Financial Services Authority asset management sector leader Dan Waters outlines the scope of the Turner Review, the FSA’s view on the appropriate regulatory framework for hedge funds, a

Financial Services Authority asset management sector leader Dan Waters outlines the scope of the Turner Review, the FSA’s view on the appropriate regulatory framework for hedge funds, and the impact on fund managers of the Internal Capital Adequacy Assessment Process, as well as the challenge of managing liquidity in open-ended funds.

The FSA published the Turner Review of global banking regulation last week. Our chairman, Lord Turner, was asked by the chancellor of the exchequer to review the events that led to the financial crisis and to recommend reforms.

The review identifies three underlying global causes of the crisis – macro-economic imbalances, financial innovation of little social value, and important deficiencies in key bank capital and liquidity regulations, underpinned by an exaggerated faith in rational, self-correcting financial markets.

In publishing a discussion paper alongside this review, setting out more detail on specific policy proposals, we are seeking to achieve five outcomes for the global banking regulatory and supervisory framework:

1. The global banking system is better capitalised and more resilient to liquidity shocks throughout the business cycle.

2. The regulatory framework in general, and its capital component in particular, are explicitly counter-cyclical.

3. Supervisory, crisis management and resolution arrangements for cross-border financial services groups are effective and reflect the interests of host countries as well as those of the home state.

4. Any material risks to financial stability posed by unregulated activities or firms are identified and controlled to the extent possible.

5. Macro-prudential and other risks to financial stability are identified at both the international and national levels and effective action is taken to mitigate them.

As the current crisis arose in the banking, investment banking and ‘shadow banking’ sectors, many of the policy proposals presented focus on these sectors. I do not intend to address the core areas of the review. Instead, I would like to highlight three areas of proposals which are likely to be of particular interest and relevance to fund managers: credit rating agencies, market infrastructure, and the scope of our regulation.

Credit rating agencies
Poor-quality credit ratings and poor use of credit ratings played an important role in the crisis. Credit rating techniques were extended from single name corporates, where they had worked well for decades, to complex structured credit products, where they performed badly. And the extensive use of ratings-based rules in investment and deposit placing – for example, where firms would only deposit money with a bank rated AA or above – introduced significant ‘hard-wired’ pro-cyclicality into the system.

We can and must fix some of these problems.
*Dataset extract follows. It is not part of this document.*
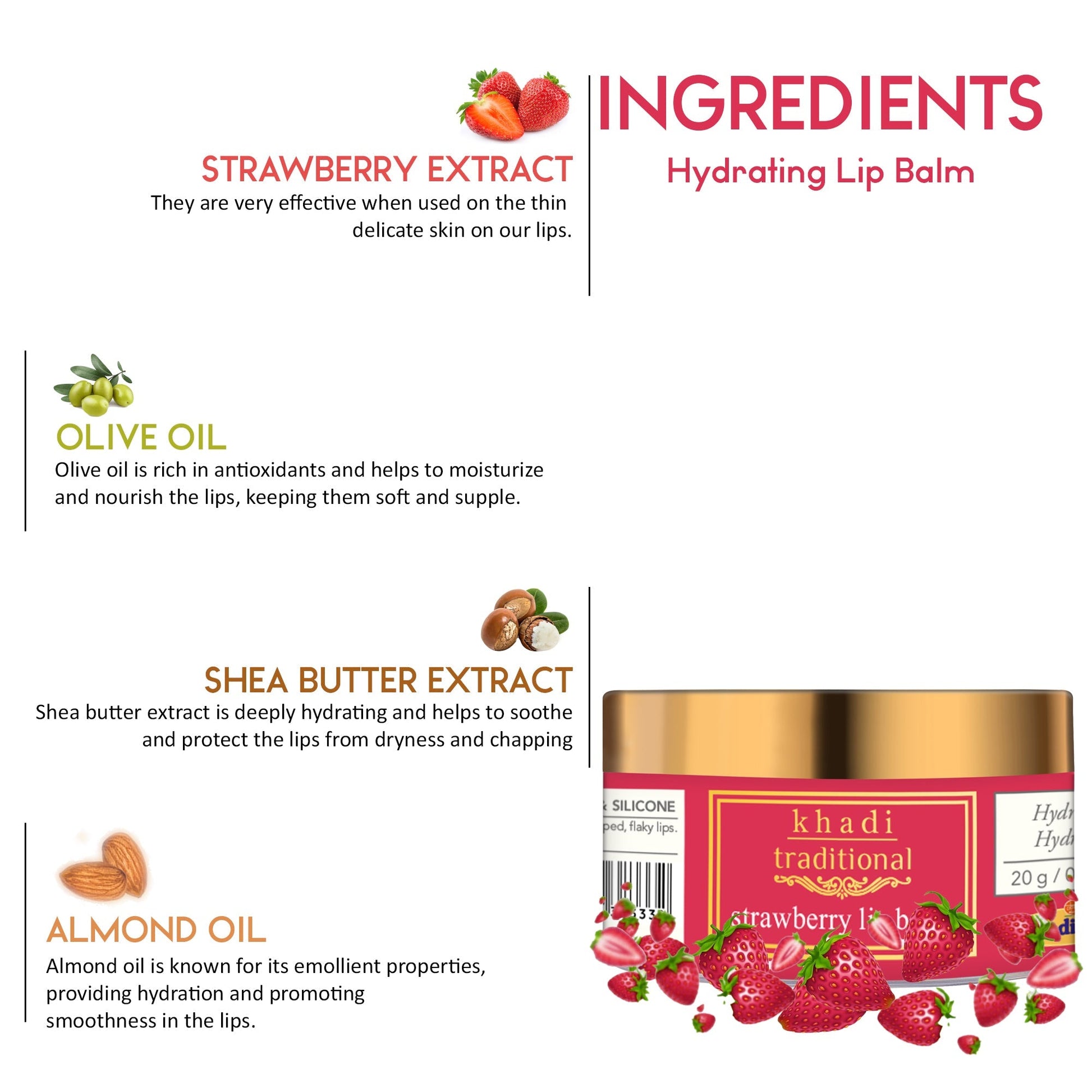 Khadi Traditional Strawberry Lip Balm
There is a consensus among regulators globally that we should regulate credit rating agencies to ensure rigorous analytical independence, and ensure that they only rate instruments simple enough and with enough historic record to make consistent rating possible.
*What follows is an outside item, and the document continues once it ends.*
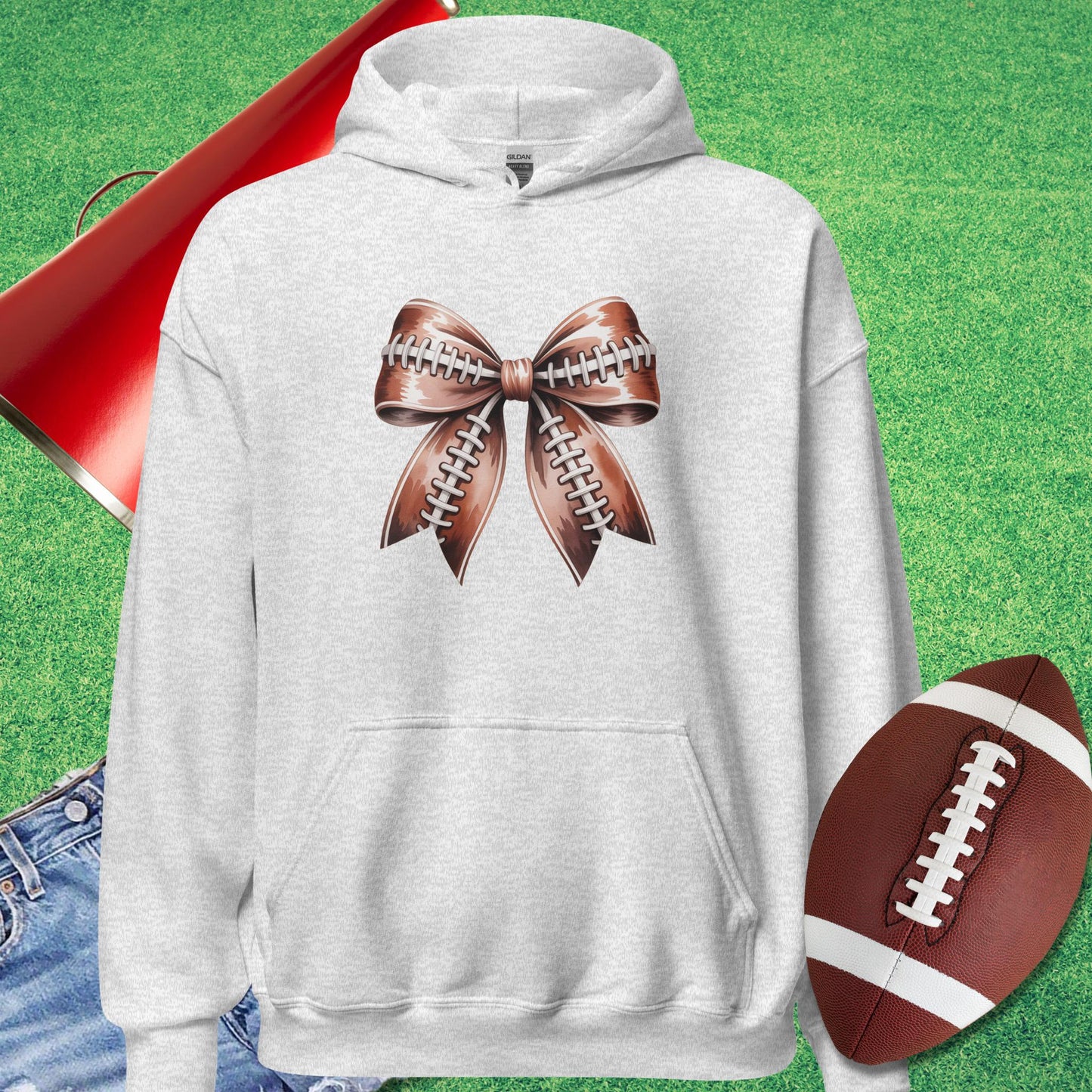 Football Bow Hoodie in Ash - Football Mom Gift by Sideline Gods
We can address some of the ‘hard-wiring’ concerns, but the use of ratings-based rules will continue, and so, therefore, will an element of pro-cyclicality, which we must offset by other means, such as countercyclical capital and liquidity policies.

Rating agencies and regulators should ensure that communication to investors about the appropriate use of ratings makes clear that they are designed to address credit risk, not liquidity or market price. These necessary improvements will not address the shortcomings in the use of ratings by the financial industry. It remains the responsibility of investors (and fund managers as their agents) to perform their own due diligence and research when making investment decisions and to use credit ratings responsibly. This is another illustration of the perennial truth that if you do not understand something, you should not invest in it.

Market infrastructure
Markets need to be appropriately transparent and resilient in order to underpin financial stability, as well as promote efficiency and investor protection. The crisis has highlighted questions about whether the rules and arrangements that govern the way that markets operate remain appropriate and effective. Our discussion paper discusses the robustness and effectiveness of the market infrastructure in supporting the trading process and reducing systemic risk, in a way that is appropriate to each asset class.
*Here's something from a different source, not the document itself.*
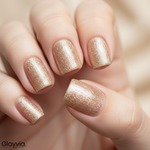 Macro closeup of Glayvia NG200026 champagne gold glitter semi cured gel nail wraps showing fine gold sparkle manicure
In particular, the FSA is reviewing whether there could be arrangements which more effectively support the holding and protection of client positions at clearing houses, and also whether the arrangements for settling defaulted OTC equity transactions could be improved. Part of this review aims to address fund management firms’ concerns, raised strongly by the Investment Management Association, regarding difficulties experienced after the Lehman Brothers default. The discussion paper sets out proposals for strengthening clearing and settlement arrangements in light of this default and we look forward to receiving input from fund managers on this subject.

Scope of regulation
Although many of the causes of the current crisis originated within the regulated sector, the crisis also exposed risks that elements of the unregulated financial sector pose to financial stability, because of their connections, financial and reputational, to regulated firms, as well as the impact on market pricing of asset sales and other activity by unregulated entities.

The unregulated sector, for the purposes of the Turner Review, includes structured investment vehicles, conduits, and hedge funds. We acknowledge that the incentives to move activities outside the new regulatory boundary are an inevitable effect of the strengthened regulatory framework likely to emerge from the current debate. In anticipation of this, we propose that regulators take appropriate powers now.

Our objectives in this area can be summarised as:

• Supervisors must fully understand unregulated activities within otherwise regulated groups and regulated firms’ exposures to unregulated entities, and take appropriate actions in line with the risks.

• There should be strong surveillance at a global level to identify risks from the unregulated sector to financial stability and the regulated sector.

• Supervisors should be able to request information from the unregulated sector to be shared with other supervisors.

• National authorities should have reserve powers to bring quickly new activities and entities into the regulatory perimeter.

Hedge funds – current FSA thinking

Hedge funds, as one type of potentially unregulated entity, have captured a certain amount of attention during the financial crisis, some of it misguided. In his Economist lecture in January, Lord Turner expressed the view – echoed in the review published last week – that while the rapid deleveraging by hedge funds in the latter part of last year may have played a non-trivial role in exacerbating financial instability, we are yet to see any concrete evidence that hedge funds have made a significant direct contribution to the underlying causes of the crisis.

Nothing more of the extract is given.